___ Input material

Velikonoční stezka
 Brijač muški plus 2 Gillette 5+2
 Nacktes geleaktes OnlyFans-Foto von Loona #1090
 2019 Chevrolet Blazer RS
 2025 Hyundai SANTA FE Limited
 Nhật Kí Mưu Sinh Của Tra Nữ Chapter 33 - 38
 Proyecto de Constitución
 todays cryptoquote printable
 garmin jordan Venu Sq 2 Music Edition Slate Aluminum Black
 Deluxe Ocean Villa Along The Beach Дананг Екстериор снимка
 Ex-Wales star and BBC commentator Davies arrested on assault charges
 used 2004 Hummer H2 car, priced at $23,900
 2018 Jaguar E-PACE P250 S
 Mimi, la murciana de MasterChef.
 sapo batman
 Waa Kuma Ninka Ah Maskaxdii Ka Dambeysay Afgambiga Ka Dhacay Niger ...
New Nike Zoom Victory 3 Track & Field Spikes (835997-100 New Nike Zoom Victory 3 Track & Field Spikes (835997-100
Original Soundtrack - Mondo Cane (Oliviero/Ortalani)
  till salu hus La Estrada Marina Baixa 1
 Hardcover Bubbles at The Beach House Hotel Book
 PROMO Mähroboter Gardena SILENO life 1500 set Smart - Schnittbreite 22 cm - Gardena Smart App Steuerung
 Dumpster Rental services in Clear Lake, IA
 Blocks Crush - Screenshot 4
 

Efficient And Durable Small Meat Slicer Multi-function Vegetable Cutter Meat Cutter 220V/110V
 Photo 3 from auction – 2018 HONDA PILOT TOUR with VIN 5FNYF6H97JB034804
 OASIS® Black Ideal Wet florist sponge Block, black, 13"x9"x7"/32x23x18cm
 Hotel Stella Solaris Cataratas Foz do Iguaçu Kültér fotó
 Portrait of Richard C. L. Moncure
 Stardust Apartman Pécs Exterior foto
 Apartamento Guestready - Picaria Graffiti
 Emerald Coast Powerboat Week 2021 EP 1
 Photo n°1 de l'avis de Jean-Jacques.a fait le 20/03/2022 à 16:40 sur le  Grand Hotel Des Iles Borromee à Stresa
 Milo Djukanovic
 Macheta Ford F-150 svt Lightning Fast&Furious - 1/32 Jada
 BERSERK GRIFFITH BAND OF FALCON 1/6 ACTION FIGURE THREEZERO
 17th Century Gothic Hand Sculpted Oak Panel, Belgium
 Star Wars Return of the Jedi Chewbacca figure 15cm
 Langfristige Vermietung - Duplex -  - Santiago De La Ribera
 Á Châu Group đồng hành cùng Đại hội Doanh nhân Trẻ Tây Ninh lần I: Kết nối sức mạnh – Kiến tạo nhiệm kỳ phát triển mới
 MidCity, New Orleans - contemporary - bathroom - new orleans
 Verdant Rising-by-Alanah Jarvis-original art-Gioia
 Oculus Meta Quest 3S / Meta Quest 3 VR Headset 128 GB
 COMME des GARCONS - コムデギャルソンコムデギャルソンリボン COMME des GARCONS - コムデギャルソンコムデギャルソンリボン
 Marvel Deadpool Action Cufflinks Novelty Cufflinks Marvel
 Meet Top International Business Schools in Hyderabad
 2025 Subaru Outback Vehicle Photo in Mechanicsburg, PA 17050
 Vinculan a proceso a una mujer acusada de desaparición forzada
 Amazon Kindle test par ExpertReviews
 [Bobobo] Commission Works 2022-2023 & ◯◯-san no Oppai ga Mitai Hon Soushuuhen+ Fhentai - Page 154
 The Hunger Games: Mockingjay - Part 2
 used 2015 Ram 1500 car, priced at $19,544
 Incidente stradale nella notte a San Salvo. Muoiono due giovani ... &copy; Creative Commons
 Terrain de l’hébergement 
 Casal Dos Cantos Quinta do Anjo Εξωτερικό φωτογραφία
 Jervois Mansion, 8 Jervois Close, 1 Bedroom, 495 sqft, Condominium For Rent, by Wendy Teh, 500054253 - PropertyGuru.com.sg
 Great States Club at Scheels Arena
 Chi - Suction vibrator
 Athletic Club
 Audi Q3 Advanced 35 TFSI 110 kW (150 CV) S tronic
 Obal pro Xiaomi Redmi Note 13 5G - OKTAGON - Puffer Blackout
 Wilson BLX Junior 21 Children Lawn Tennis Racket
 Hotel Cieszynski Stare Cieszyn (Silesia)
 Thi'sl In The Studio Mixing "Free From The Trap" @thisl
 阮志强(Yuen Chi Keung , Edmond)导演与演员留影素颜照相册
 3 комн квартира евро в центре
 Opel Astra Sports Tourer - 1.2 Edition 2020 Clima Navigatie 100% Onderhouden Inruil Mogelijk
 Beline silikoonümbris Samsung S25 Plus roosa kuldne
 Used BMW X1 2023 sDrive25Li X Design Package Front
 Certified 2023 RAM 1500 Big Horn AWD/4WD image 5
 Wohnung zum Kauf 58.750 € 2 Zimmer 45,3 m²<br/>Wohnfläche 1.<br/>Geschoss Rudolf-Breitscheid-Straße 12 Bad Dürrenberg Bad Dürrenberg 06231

______

## Exercise requirements:
From the entries, work out how many lines include the word "Club", answering with the number only.

## Answer to this exercise:
2